So it is goodbye dear lovely friend, my blessing for over nine magical years. Not long enough but there is no time that would have been long enough. I am eternally grateful for every moment we were given together. And yet, the hole in my life is too big for me to grasp – he was with me during every moment of the day and now ………………..
You will always be in my heart, sweet Spiritdog.  
We will re-unite on the other side. Will find out just how when my time comes.
A baby rabbit is eating seeds outside my window.
Life goes on.
Love to you all
John

My middle son, Stephan, died on August 31, 2020, one year ago.

Before that, I lost dear friends, Mark Schelereth, and a couple of years before that, Steve Kridelbaugh, and recently, his wife, Linda.

The downside of getting old and still being alive is the loss of friends and family as they peel off, one by one.

But, maybe not so oddly, of all of these lovely souls, I miss Spirit most of all. It is the simple practical reality that he was at the center of my daily life; friends and family lived far away and were not an integral part of my daily life – though I love them all dearly.
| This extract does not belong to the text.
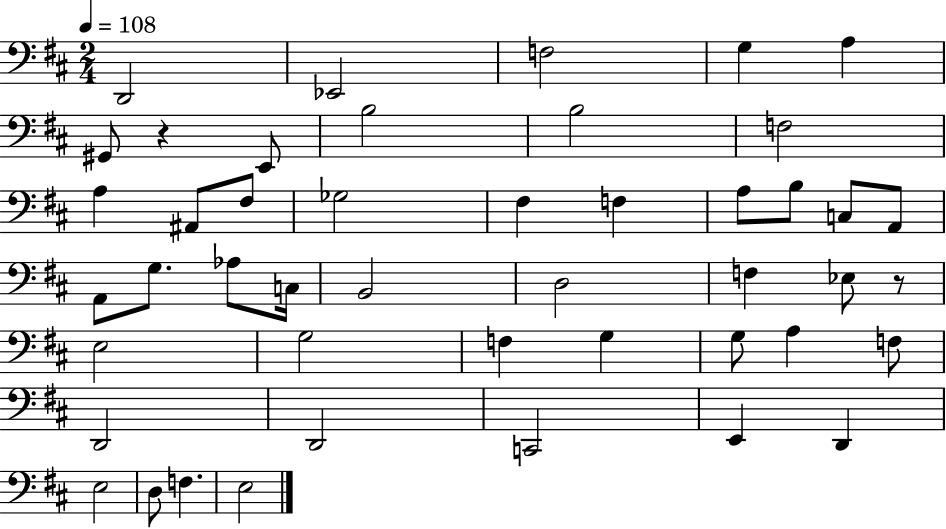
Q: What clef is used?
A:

Spirit and I were together essentially every minute of every day for 9 years. I can still see him the day we first met, the day he chose me, a seven week old puppy who rolled over on his back between my legs so I could scratch his little belly – and as he would do so often during the years that followed.

I so deeply miss his standing on the car console staring out the window to see what is going on as we cruised down the road, tapping my right hand with his left paw if I stopped scratching him under his neck, occasionally laying his head into the curve of my neck, and resting it there just so we could feel closer, or sticking half his body out the rear window to catch the wind, and those spurious passing scents only he knew were there. Or laying next to me, or under my computer table, as I wrote my book or emailed, or searched the internet. Those spots are empty now and when I look at them, my heart is heavy.

Where is my boy?

Has my Spiritdog stopped talking?

We will see.

So happy to meet you my dear friend


Spirit at around age 2

 

 



Wait, wait for me. I will be with you soon enough

Post # 27 05302020

For the past few months, I have been noticing new tumor growth on Spiritdog’s lower jaw and right rear leg, the exact same locations of the original tumors treated with radiation in May, 2019. Subsequent biopsies of both locations confirmed the recurrence (or continuance) of sarcomas. So, sorry to say, the result of treating him with both radiation and fenbendazole has been quite disappointing.

And it is what it is.

I decided to do palliative radiation at the Michigan State University Small Animal Clinic consisting of five treatments, each one a week apart, beginning with last Thursday. The goal is to provide him with more pain free time at a cost of ~ $3000. Is it worth it? Today he acts like a normal healthy middle aged dog, so, for me, the hope of keeping him that way longer makes it a yes.

After the radiation treatments, I will also look into some form of additional treatment even including chemotherapy if I can find a modality that offers minimal side effects with extended quality of life. Maybe metronomic chemotherapy using either cytoxan or Palladia, perhaps alternating it with fenben, perhaps not, or ….. something else?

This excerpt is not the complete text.